**Exercise instructions:** No picture should appear in the copy. Transcribe exactly, and only, the lines from the one with "Climate change cooks" through the last line of the data below.

**Input for this task:**

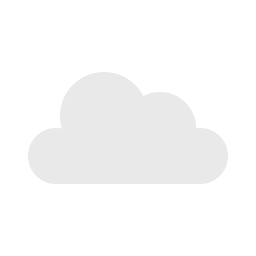 Cloud  Icon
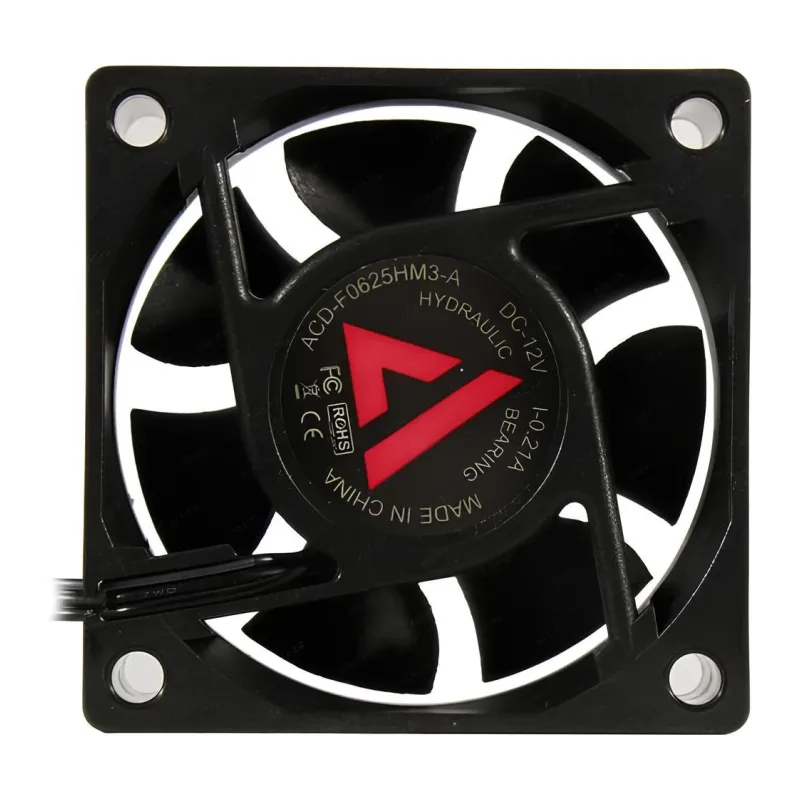 Вентилятор для корпуса ACD ACD-F0625HM3-A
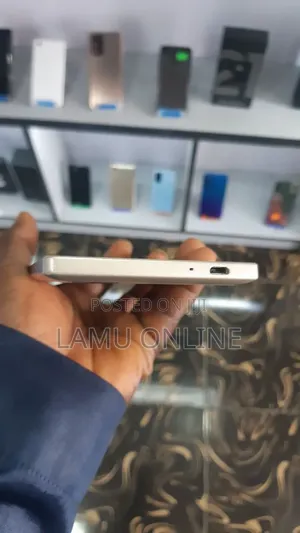 Tecno Camon C7 16 GB Bronze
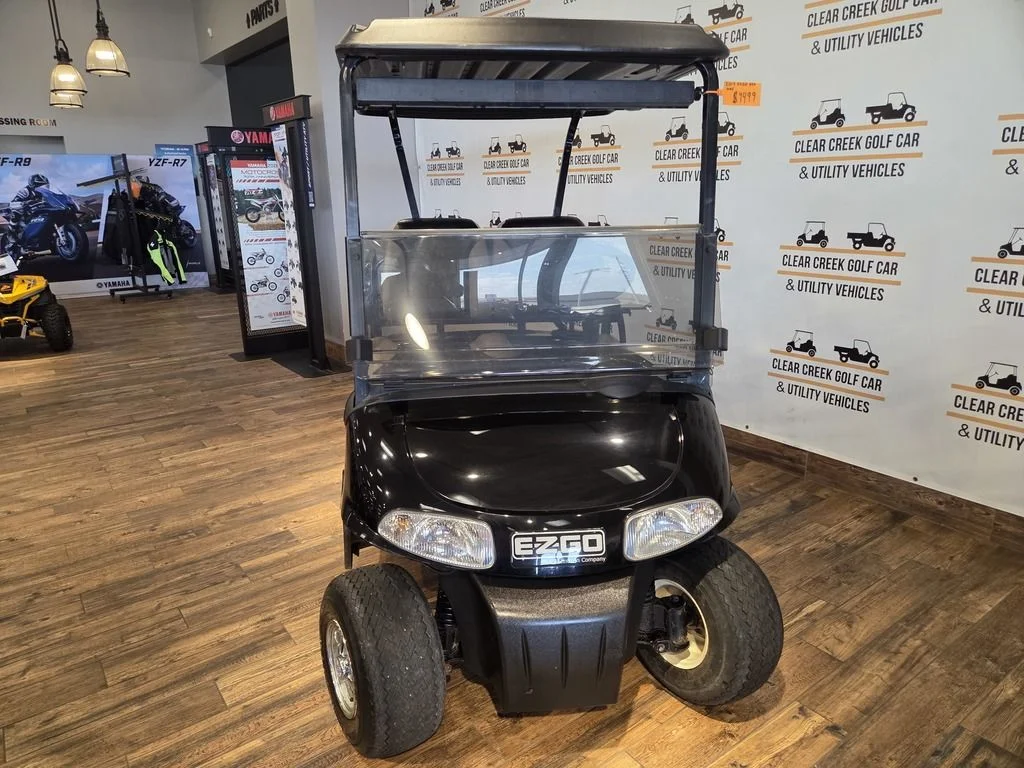 2014 E-Z-GO Freedom thumb 2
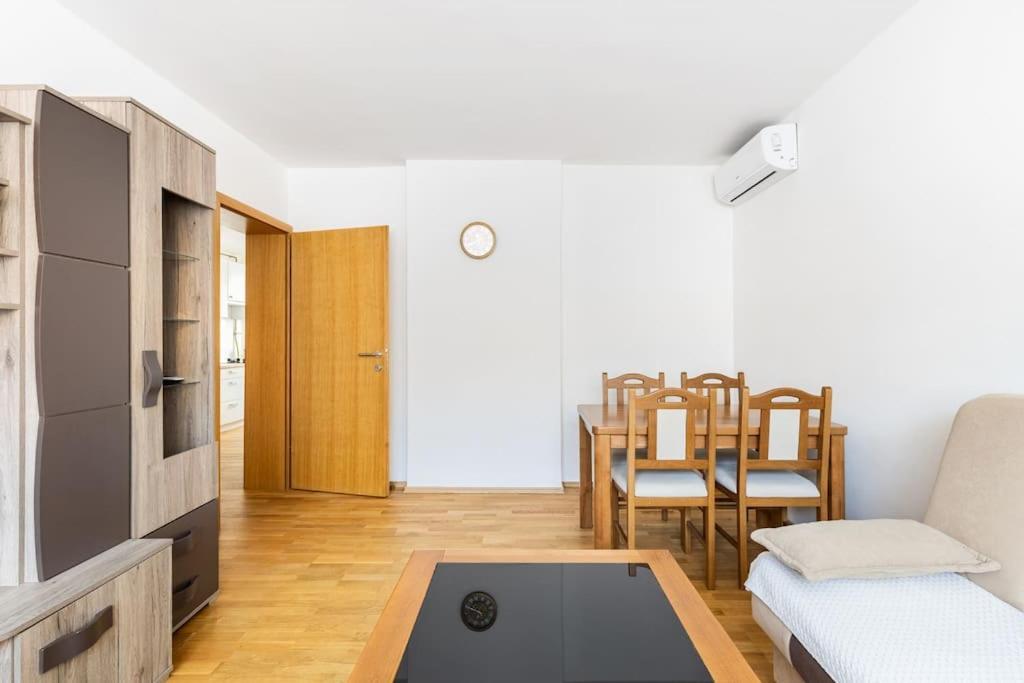 Apartman Dino Sarajevo Exterior photo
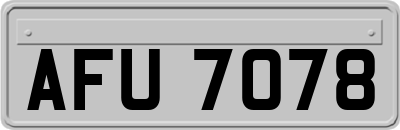AFU7078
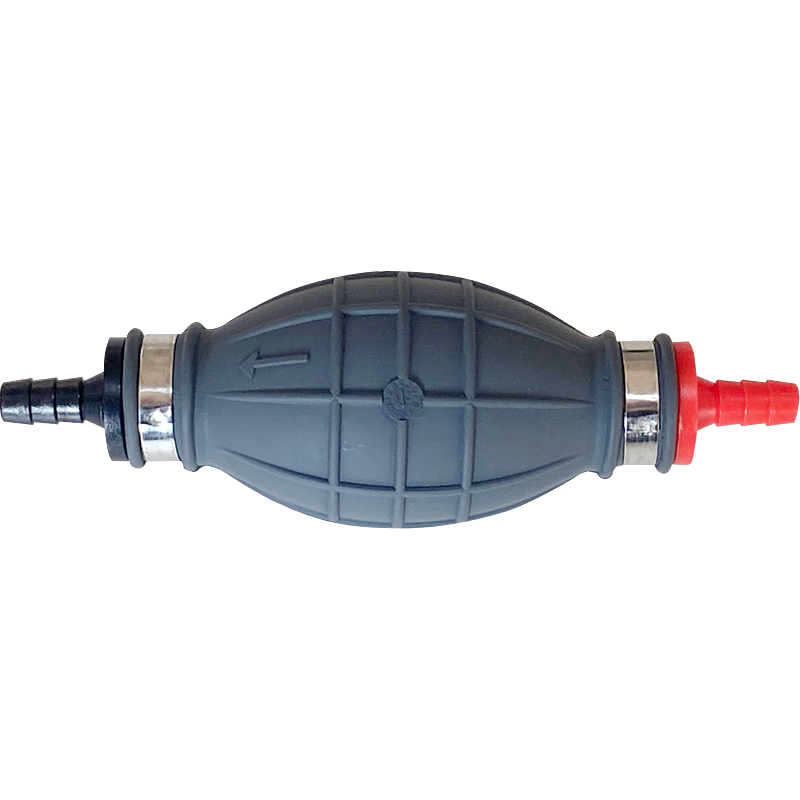 Waveline Universal Viton Grey Primer Bulb 3/8"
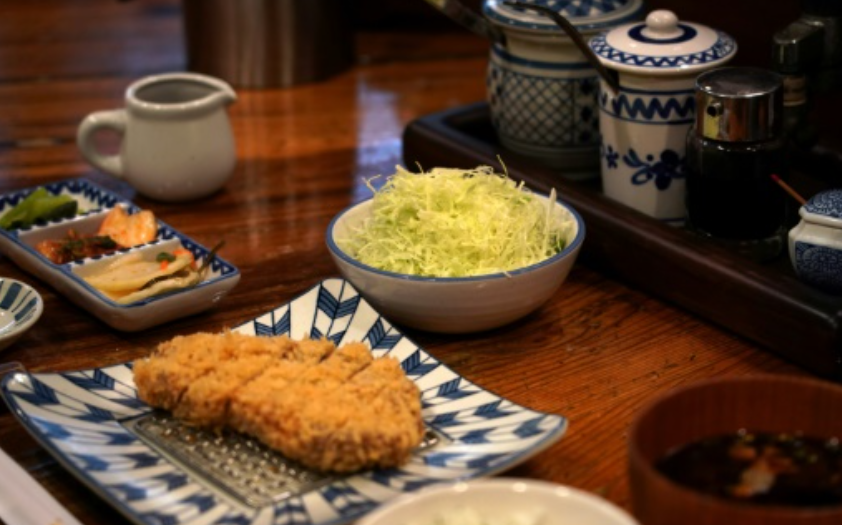 Climate change cooks up Japanese 'cabbage shock'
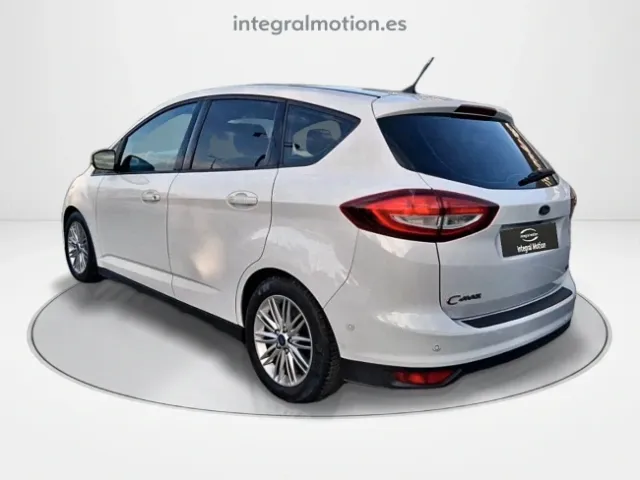 Ford C Max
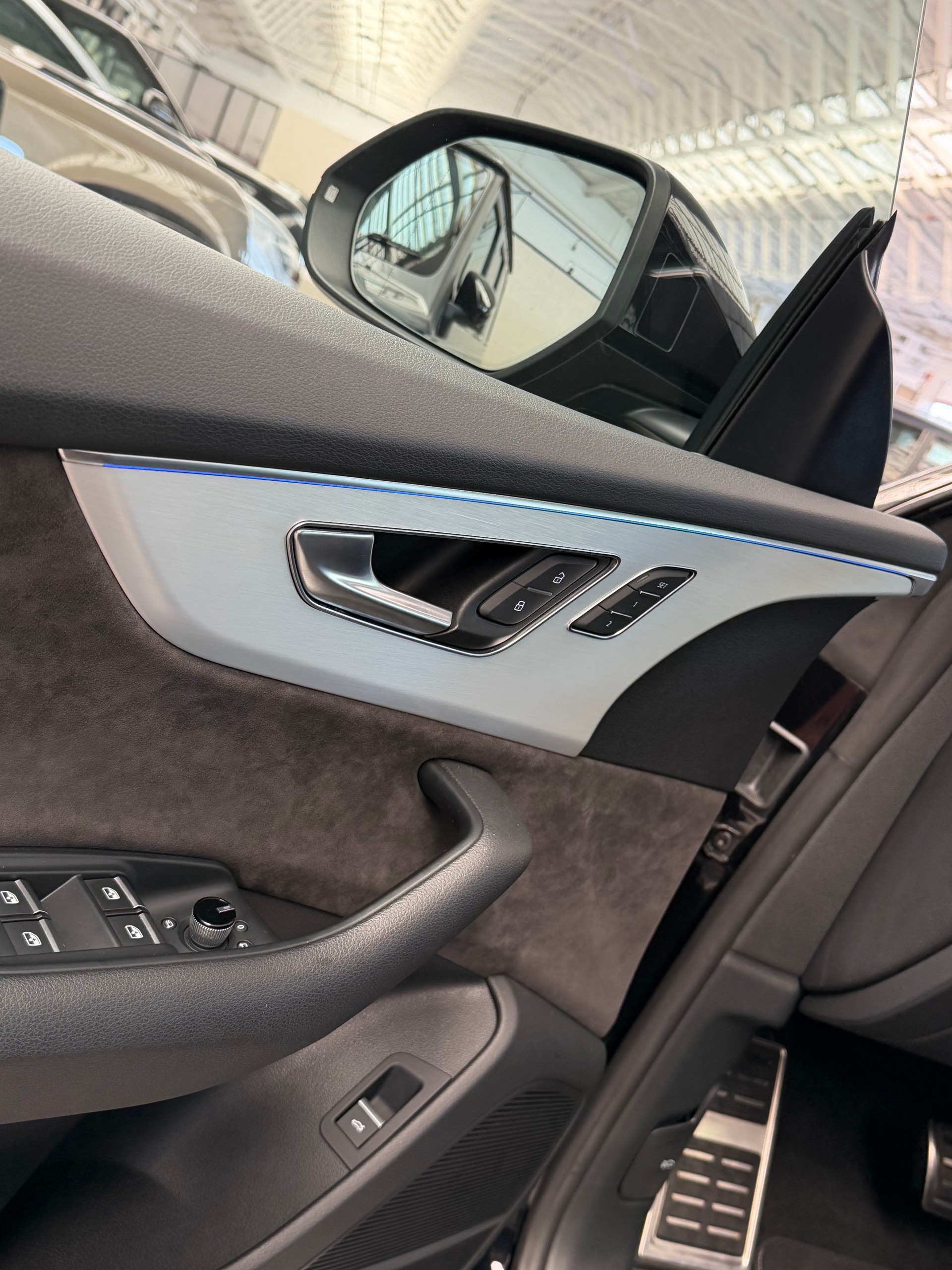 AUDI Q8 50 TDI quattro tiptronic-image-20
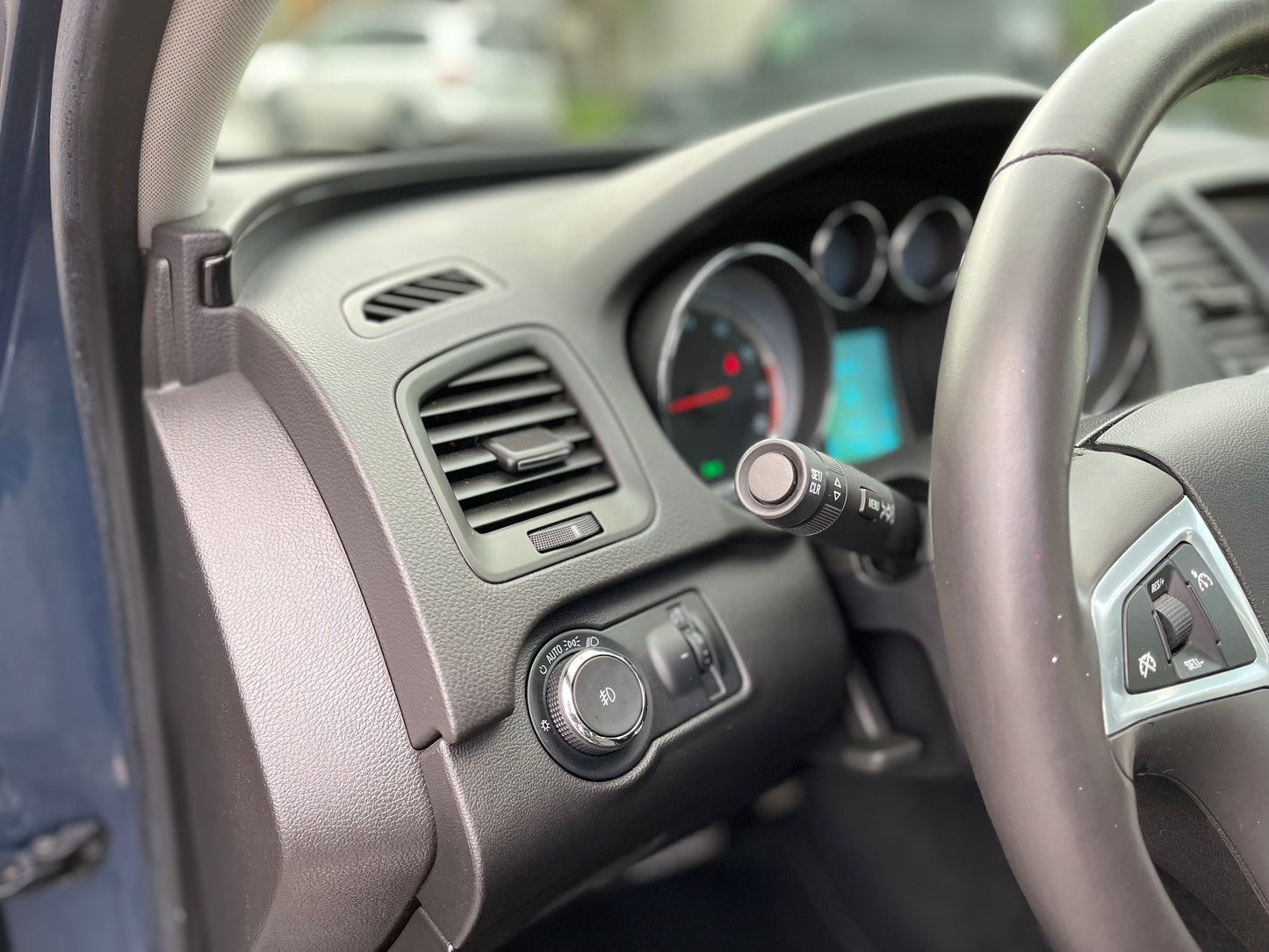 2011 Buick Regal CXL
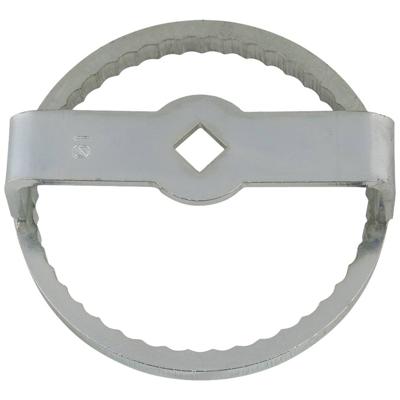 KS Tools 1509411 3/8 oliefiltersleutel Ø 92,3 mm / 45 groeven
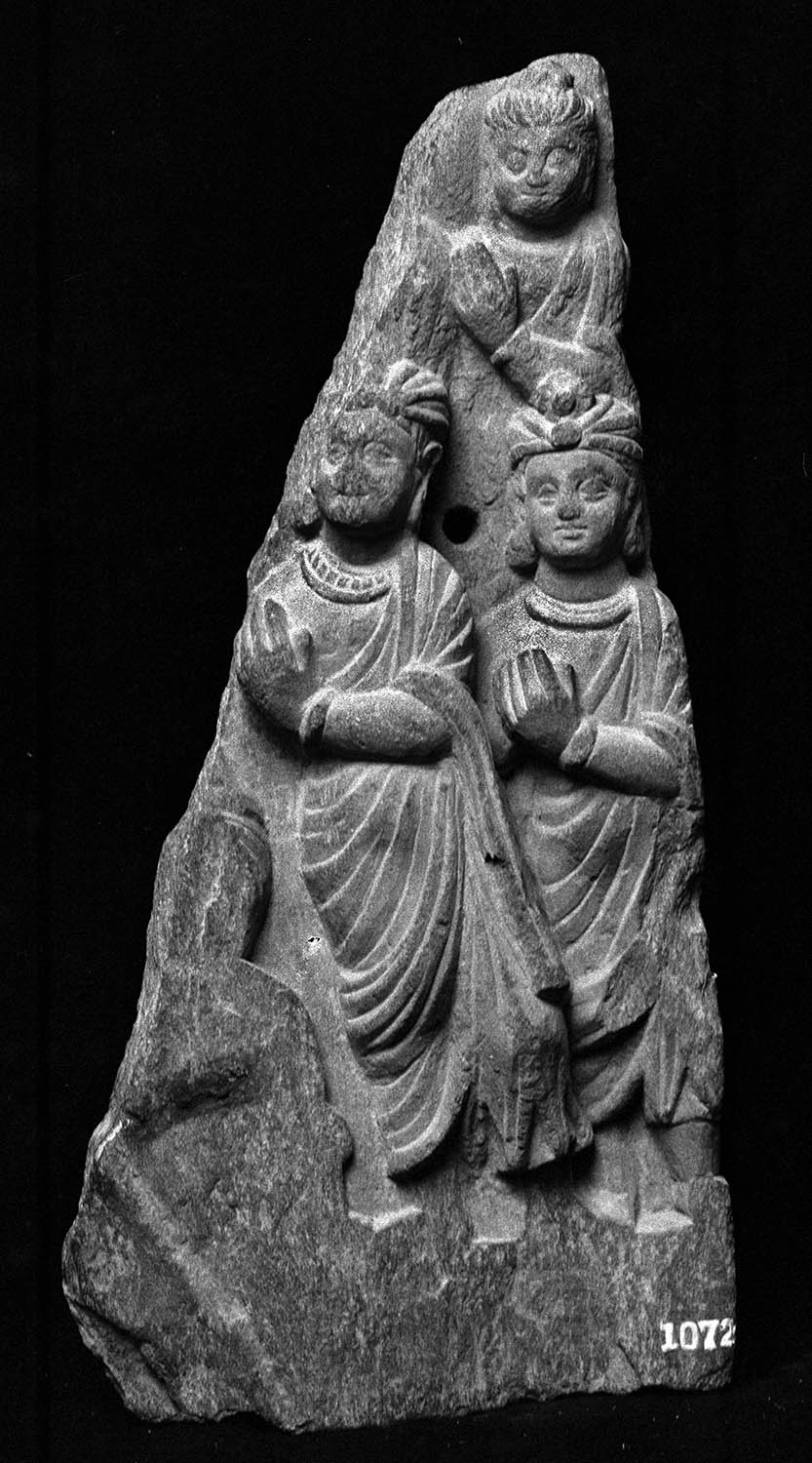 Chandigarh Museum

**Reply to the task:**
 Climate change cooks up Japanese 'cabbage shock'
 Ford C Max
 AUDI Q8 50 TDI quattro tiptronic-image-20
 2011 Buick Regal CXL
 KS Tools 1509411 3/8 oliefiltersleutel Ø 92,3 mm / 45 groeven
 Chandigarh Museum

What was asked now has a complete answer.